A model to partition the constituent element’s atomic energy in TiC crystal and to characterize the interface properties of α-Ti(0001)/TiC(111)

Abstract

A periodic slab model was proposed to characterize the TiC(111)/α-Ti(0001) interface properties. The model provides an effective method to partition the total energy of TiC crystalline into its constituent element’s atomic energy by constructing a periodic TiC(111)/α-Ti(0001) interface structure with a specific atomic stacking sequence on the interface. The calculation result shows that Ti and C atom possess −116.65009 Ry and −12.06893 Ry in TiC crystal respectively, which is in good agreement with the TiC total energy of −128.71901 Ry, indicating a satisfactory accuracy better than ~10−4 Ry. The information of the constituent element’s atomic energy provides a direct solution to quantitatively characterize TiC(111) surface energy, or rather, the surface energy on an arbitrary crystallographic plane of TiC crystal.
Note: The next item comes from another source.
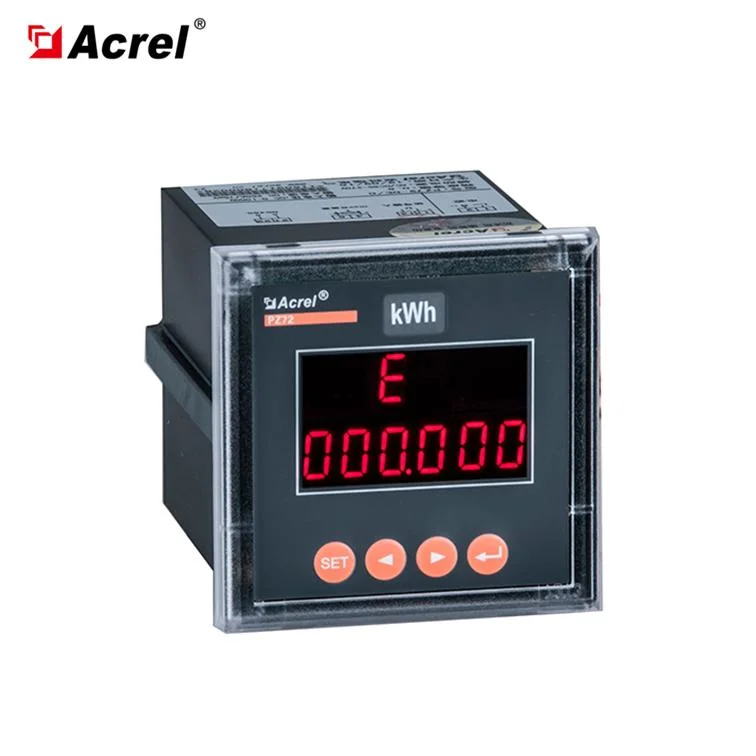 Original Factory Direct Sale DC Power Monitor with RS485 Communication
The calculated Ti- and C-terminated surface energies on TiC(111) surface are −0.154 J/m2 and 8.014 J/m2 respectively. Under the atomic configuration in the present periodic model, the Ti-Ti and Ti-C interface energies were calculated to be −1.705 J/m2 and −1.891 J/m2, respectively. The investigation on the ideal work of adhesion indicated that the Ti-Ti interface is the most vulnerable region in the TiC(111)/α-Ti(0001) interface structure on account of the weaker metallic bonding between the Ti-Ti atomic layers.